Steve Farrar is challenging my idea of manhood and why it's so lost on my current generation. It's refreshing and bold. Very much against The extremism of our day, and emboldening to me. However to speak out these thoughts on a public corner would create divisions and fisticuffs on the street.

The ordained by God principles of leadership within the home that worked in generations before has been assaulted, drug out into the street and vilified as though the lasting meanings of 2000 years are tattered, frayed and fragile strips. Strips hanging like the torn clothing one would exhibit on an adulteress caught by the corner mob who exposed her infidelity. I imagine her faithful loving husband finding her battered and bruised in the town square at 5 in the morning hurt, barely able to move, depressed, and afraid of being punished more by the person that is ready to love her most.

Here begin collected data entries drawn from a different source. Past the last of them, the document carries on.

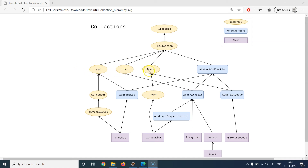Set, List, and Queue are the top-level interfaces, and List and Set are very heavily used in any Java enterprise-grade application. There are more interfaces like SortedSet, NavigableSet, and Deque. SortedSet forces an additional constraint that elements are unique and also kept in sorted order. NavigableSet adds navigation properties. Deque is a double-ended queue where elements can be inserted and removed from both the front and the back.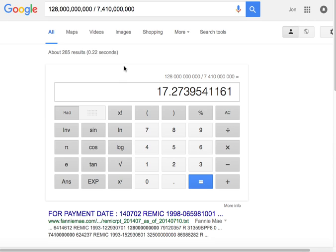The odds of winning are pretty much impossible, but it's still probable. All right, thanks for watching.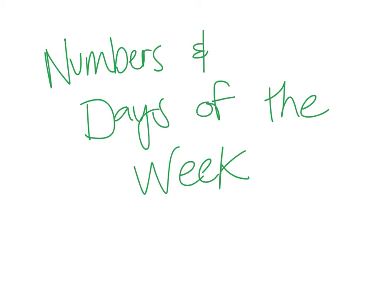Buenas tardes, clase. Today we are going to learn about numbers and days of the week. So let's get started.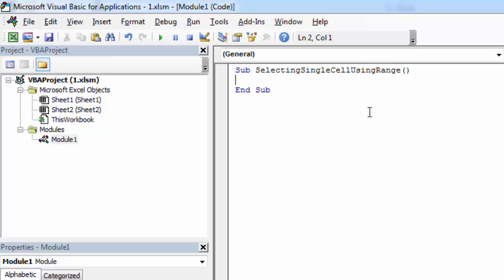To select a single cell using range keyword, all we need to do is type range, open bracket, and in here we need to specify the cell address.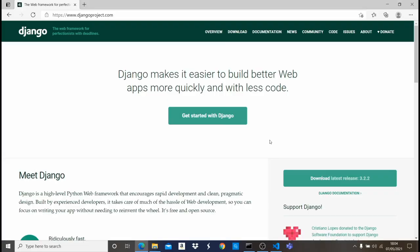The first thing we need to do is install and set Django up on our computer. I'm on Windows, but if you're on a Mac or Linux the installation process is quite similar. Before you can install Django, you need to have Python installed on your computer, because we're going to be using a Python package manager called pip, and pip only comes when you have Python installed. Django is a Python framework.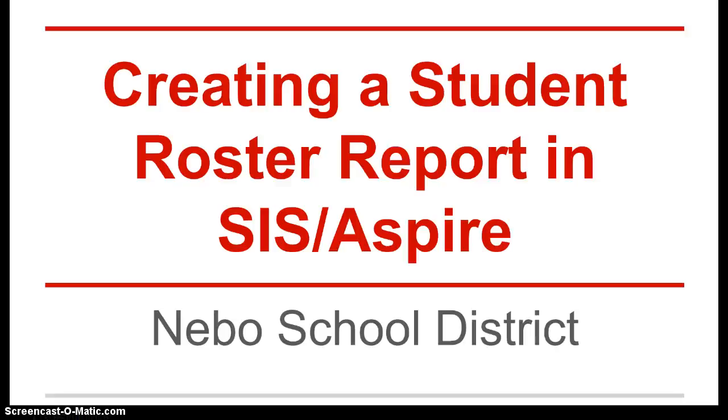This is a demonstration on how to create a student roster report in SIS or Aspire for teachers of Nebo School District.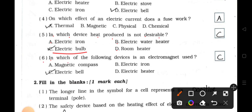Number 6: In which of the following devices is an electromagnet used? A. Magnetic compass. B. Electric iron. C. Electric bell. D. Electric heater. Answer is option C — Electric bell.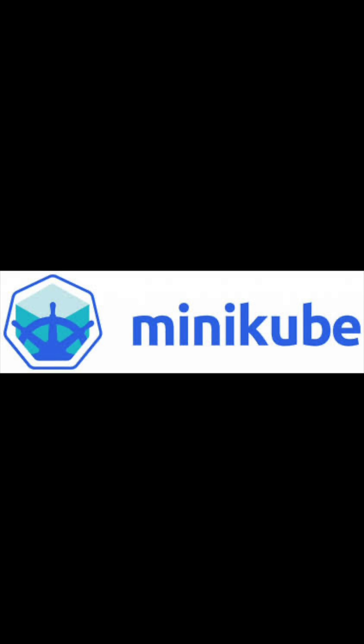Now, we'll install Minikube, which is a lightweight Kubernetes implementation. Run the following command to install it via Homebrew. Wait for the installation to complete.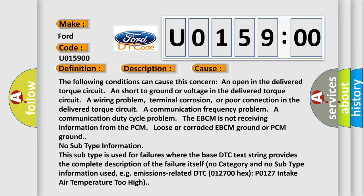A communication frequency problem, a communication duty cycle problem, the EBCM is not receiving information from the PCM, loose or corroded EBCM ground. No subtype information. This subtype is used for failures where the base DTC text string provides the complete description of the failure itself. For example, emissions-related DTC P0127: intake air temperature too high.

If you were the husband, what would you do? Would you walk away? Would you hold her? Would you call 911? Would you pray with her? Would you shame her more, telling her she is a bad person? Would you file for divorce? Would you lock her out of the home forever and get sole custody of the kids?

These are all crisis points that I find clients to be in, sharing and discussing in my office. I listen, I hear their emotion, I attempt to show compassion through asking what the most loving thing would be to a person who is wounded, hurt, and crying out in need.

When a child comes for help, crying and asking us to teach us how to fly a paper air plane do we respond with harsh words?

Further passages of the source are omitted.